I do remember a period in the mid-90's, around 96-97, where there was a lot of ruckus from the music business about used CD stores and lost revenues. The end result? Once the physical property was transfered into the consumers hands it was there's to resell as they pleased. Paying the artist on a used CD sale would be like Ikea getting paid when you resell your futon.



> The advent of computers and widespread internet has contributed to eliminate the middle vulture "used CD/record shops".


Interesting, I never really have seen used CD stores as "vultures". Certainly no more vulture-like than say the antique shop or the Salvation Army clothing store. Thankfully we have a sane view of physical property. It's what do about digital property that we're working out. Some argue it's akin to physical property. Some say it's a license to a work you receive with a digital copy, not physical property, so it can't be treated the same. If we could come to a consensus on what a digital media file is exactly we might be able to converge on a solution faster.


----------



## Guest (Feb 28, 2008)

Edutainment said:


> Music piracy is nothing new. Before the internet it was tapes, which allowed for easy copying. They said that would kill the music industry just like they're saying downloading from the internet will. I'd be willing to pay a reasonable fee to download music though.


Tapes were a different concern though: they didn't make perfect copies.
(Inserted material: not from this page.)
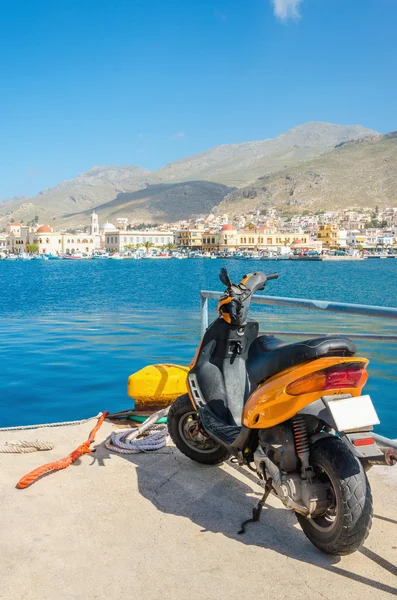 Orange scooter standing on wharf of Greek harbour — Stock Photo, Image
And both tapes and records degraded faster than a reasonably cared for Compact Disc. The loophole now is I can buy the disc, make a perfect copy of it, and then pass it along. With tapes or records I was left with either an imperfect copy that degraded with use (a tape) or no copy at all. So less of a concern. And the used bins were filled with partially degraded originals.



> I thought downloading music was legal in Canada though.


It is. Uploading (i.e. sharing back out, making available) the music is not.


----------



## Guest (Feb 28, 2008)

As an interesting addendum to this thread here's an Ars Technica report from a Digital Music Forum East. What did Ted Cohen, former EMI exec, say in his opening keynote: "music 1.0 is dead". Check it out here.


----------



## Guest (Feb 28, 2008)

The day of getting money for a recorded work is over. If they wanted to preserve that gravy train they should have stuck to vinyl, but the lure of easy money was too much for them so out came tape and so on and so forth. You want to make money , go out and play, just like teachers go out and teach, doctors go out and heal, plumbers go out and pipe. That's how musicians used to do it in the old days. Nothing wrong with work. If you sell something on the side, more power to you, but remember its just gravy.


----------



## Mahogany Martin (Mar 2, 2006)

iaresee said:


> I do remember a period in the mid-90's, around 96-97, where there was a lot of ruckus from the music business about used CD stores and lost revenues. The end result? Once the physical property was transfered into the consumers hands it was there's to resell as they pleased. Paying the artist on a used CD sale would be like Ikea getting paid when you resell your futon.
> 
> 
> Interesting, I never really have seen used CD stores as "vultures". Certainly no more vulture-like than say the antique shop or the Salvation Army clothing store. Thankfully we have a sane view of physical property. It's what do about digital property that we're working out. Some argue it's akin to physical property. Some say it's a license to a work you receive with a digital copy, not physical property, so it can't be treated the same. If we could come to a consensus on what a digital media file is exactly we might be able to converge on a solution faster.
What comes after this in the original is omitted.